The barracks went on to become the regional centre for infantry training as the Green Jackets Brigade Depot in 1960. The name of the barracks was changed from Upper Barracks, Winchester to Peninsula Barracks in 1964. The 1st Green Jackets (43rd and 52nd) returned to the barracks on 21 April 1964, from Bushfield Camp, near Winchester, where they had moved in 1961. On 22 May 1964, General Sir Gerald Lathbury, Colonel Commandant of the 1st Green Jackets (43rd and 52nd) and also Quartermaster-General to the Forces, whose responsibilities included all Army buildings, took the first passing-out parade in the rebuilt barracks.

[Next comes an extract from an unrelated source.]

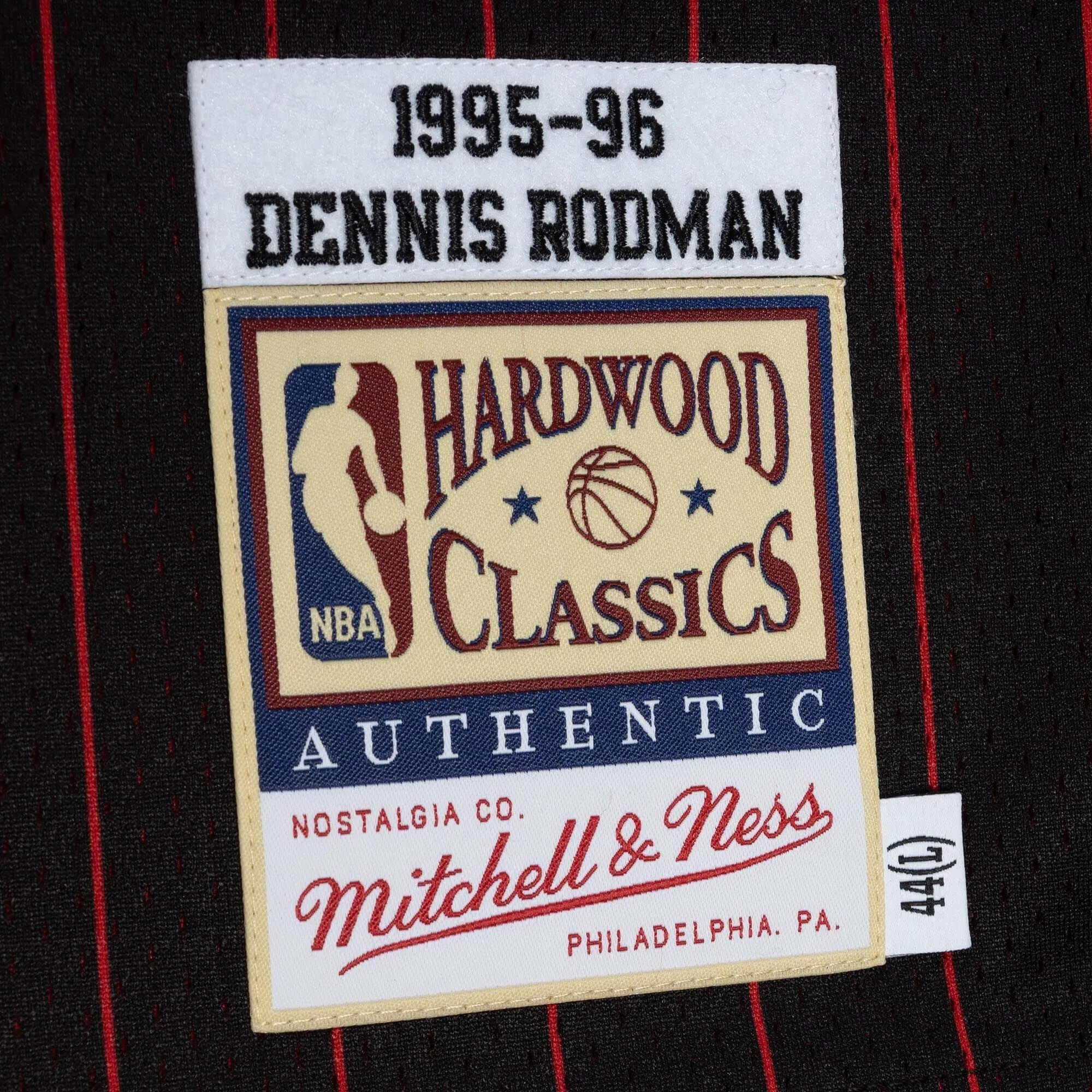 Mitchell & Ness NBA Authentic Jersey Chicago Bulls 1995 Dennis Rodman sold by Zulily product image thumbnail 4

Prince Richard, Duke of Gloucester, Colonel-in-Chief, 3rd Green Jackets, The Rifle Brigade, officially opened the new barracks on 28 May 1965. The barracks closed in 1985 and military training was moved to Sir John Moore Barracks.

In 1994 the Ministry of Defence sold most of the barracks for private flats, retaining some space for Winchester's Military Museums, a complex of museums that are grouped but operated separately. The barracks also house the Regimental Headquarters of The Rifles, and the Regimental Headquarters (South) of the King's Royal Hussars.